------ Given records ------

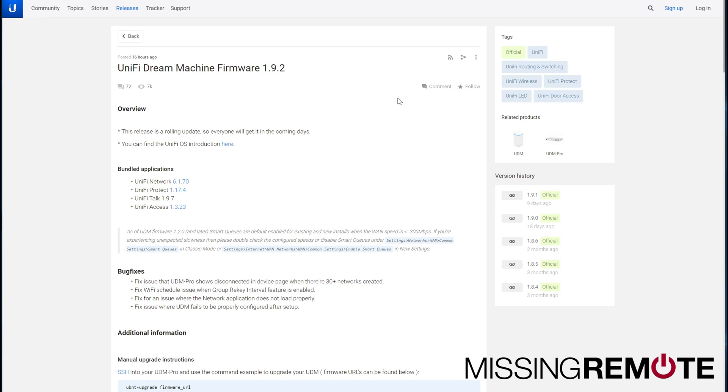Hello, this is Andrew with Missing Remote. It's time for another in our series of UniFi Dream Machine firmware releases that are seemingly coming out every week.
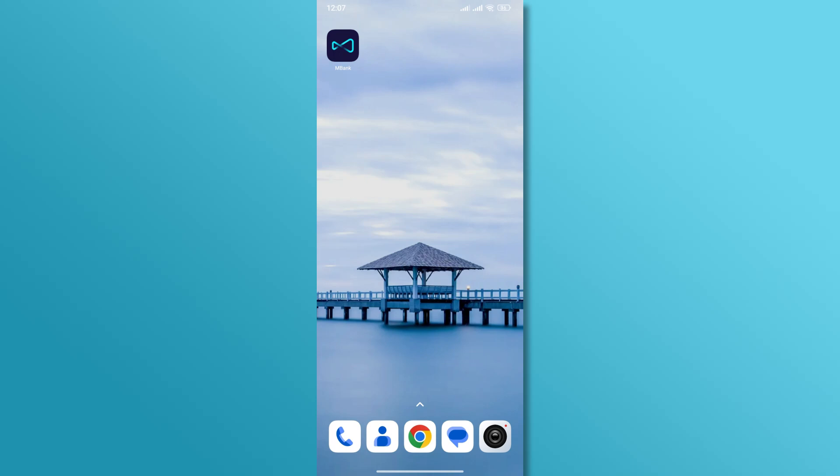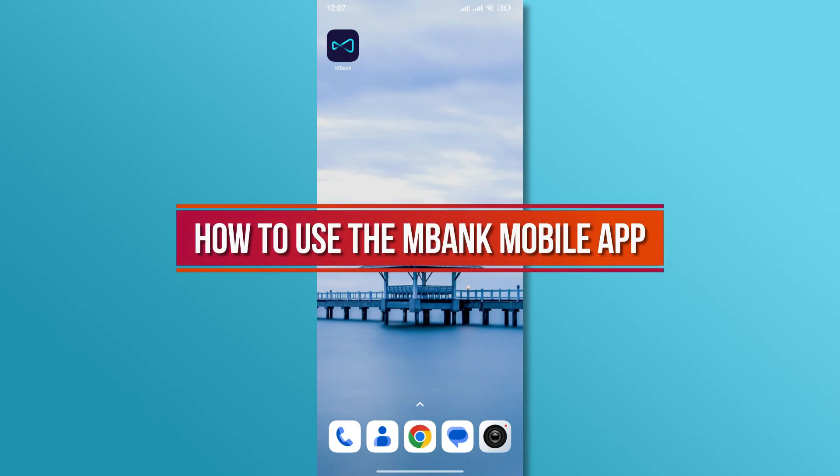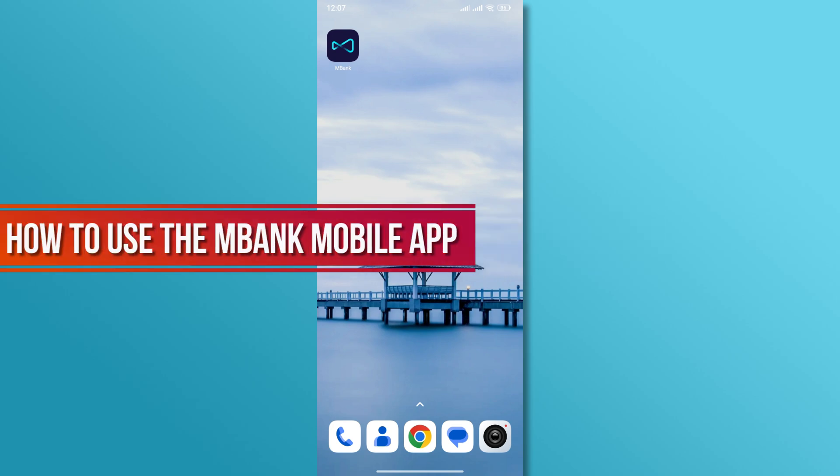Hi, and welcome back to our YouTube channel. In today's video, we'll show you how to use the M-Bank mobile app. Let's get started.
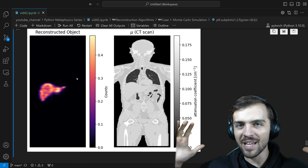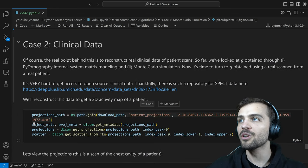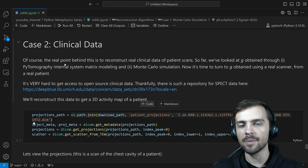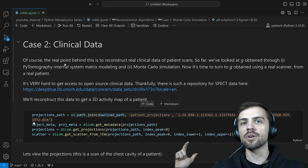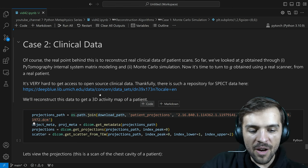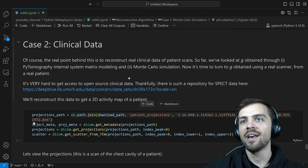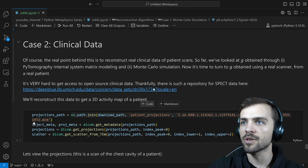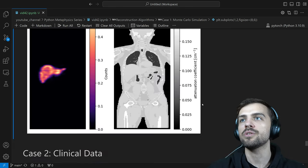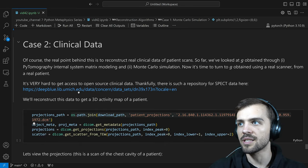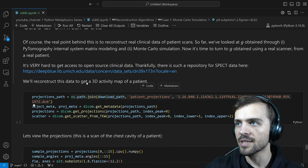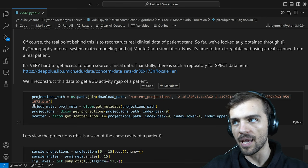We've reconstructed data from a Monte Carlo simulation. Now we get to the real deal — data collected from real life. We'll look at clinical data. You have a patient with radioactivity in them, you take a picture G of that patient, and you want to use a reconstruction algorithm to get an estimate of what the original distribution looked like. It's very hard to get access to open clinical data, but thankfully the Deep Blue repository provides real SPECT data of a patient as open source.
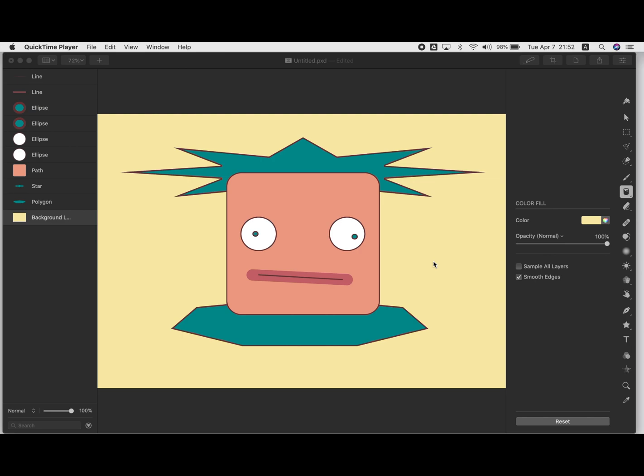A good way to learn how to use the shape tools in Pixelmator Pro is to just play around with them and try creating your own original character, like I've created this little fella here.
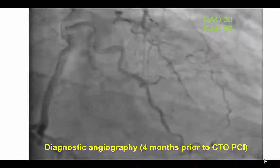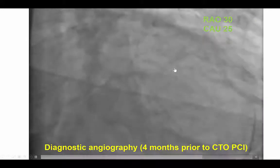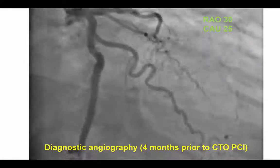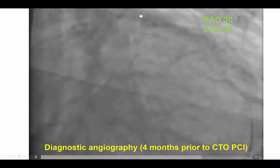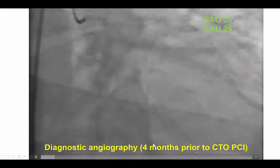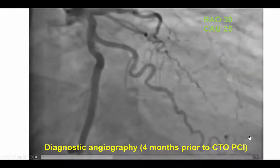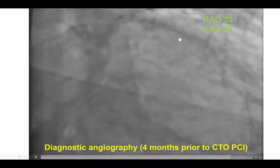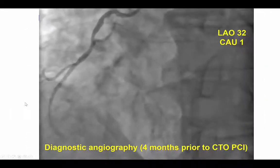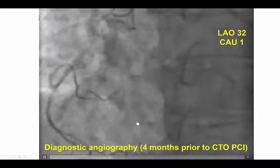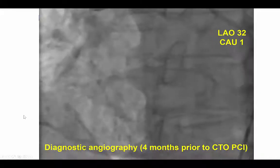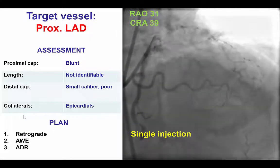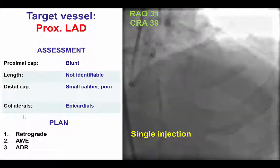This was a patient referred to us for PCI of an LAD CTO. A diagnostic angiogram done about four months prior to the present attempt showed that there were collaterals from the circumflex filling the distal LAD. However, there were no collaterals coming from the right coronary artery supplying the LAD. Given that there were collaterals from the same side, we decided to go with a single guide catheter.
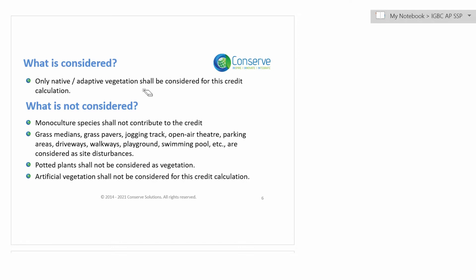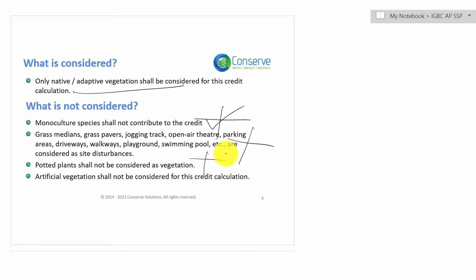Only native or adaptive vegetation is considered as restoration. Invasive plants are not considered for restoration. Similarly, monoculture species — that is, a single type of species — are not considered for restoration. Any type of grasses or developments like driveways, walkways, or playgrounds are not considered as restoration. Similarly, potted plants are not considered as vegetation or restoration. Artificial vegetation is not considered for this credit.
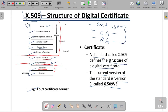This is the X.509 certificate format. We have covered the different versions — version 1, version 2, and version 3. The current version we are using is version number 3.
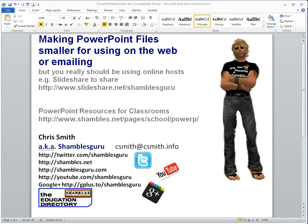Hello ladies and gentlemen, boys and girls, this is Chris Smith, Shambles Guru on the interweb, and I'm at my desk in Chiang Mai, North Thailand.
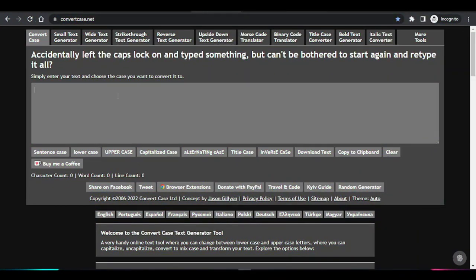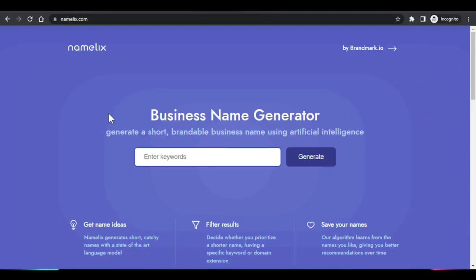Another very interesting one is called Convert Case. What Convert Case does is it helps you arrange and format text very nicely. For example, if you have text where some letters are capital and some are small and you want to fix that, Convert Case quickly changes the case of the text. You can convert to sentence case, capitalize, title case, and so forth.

------

## Problem statement
Could you reproduce the records above exactly, leaving out every picture?

## Task solution
Hello, this is Andrew with Missing Remote. It's time for another in our series of UniFi Dream Machine firmware releases that are seemingly coming out every week.
Hi, and welcome back to our YouTube channel. In today's video, we'll show you how to use the M-Bank mobile app. Let's get started.
We've reconstructed data from a Monte Carlo simulation. Now we get to the real deal — data collected from real life. We'll look at clinical data. You have a patient with radioactivity in them, you take a picture G of that patient, and you want to use a reconstruction algorithm to get an estimate of what the original distribution looked like. It's very hard to get access to open clinical data, but thankfully the Deep Blue repository provides real SPECT data of a patient as open source.
A good way to learn how to use the shape tools in Pixelmator Pro is to just play around with them and try creating your own original character, like I've created this little fella here.
This was a patient referred to us for PCI of an LAD CTO. A diagnostic angiogram done about four months prior to the present attempt showed that there were collaterals from the circumflex filling the distal LAD. However, there were no collaterals coming from the right coronary artery supplying the LAD. Given that there were collaterals from the same side, we decided to go with a single guide catheter.
Only native or adaptive vegetation is considered as restoration. Invasive plants are not considered for restoration. Similarly, monoculture species — that is, a single type of species — are not considered for restoration. Any type of grasses or developments like driveways, walkways, or playgrounds are not considered as restoration. Similarly, potted plants are not considered as vegetation or restoration. Artificial vegetation is not considered for this credit.
This is the X.509 certificate format. We have covered the different versions — version 1, version 2, and version 3. The current version we are using is version number 3.
Hello ladies and gentlemen, boys and girls, this is Chris Smith, Shambles Guru on the interweb, and I'm at my desk in Chiang Mai, North Thailand.
Another very interesting one is called Convert Case. What Convert Case does is it helps you arrange and format text very nicely. For example, if you have text where some letters are capital and some are small and you want to fix that, Convert Case quickly changes the case of the text. You can convert to sentence case, capitalize, title case, and so forth.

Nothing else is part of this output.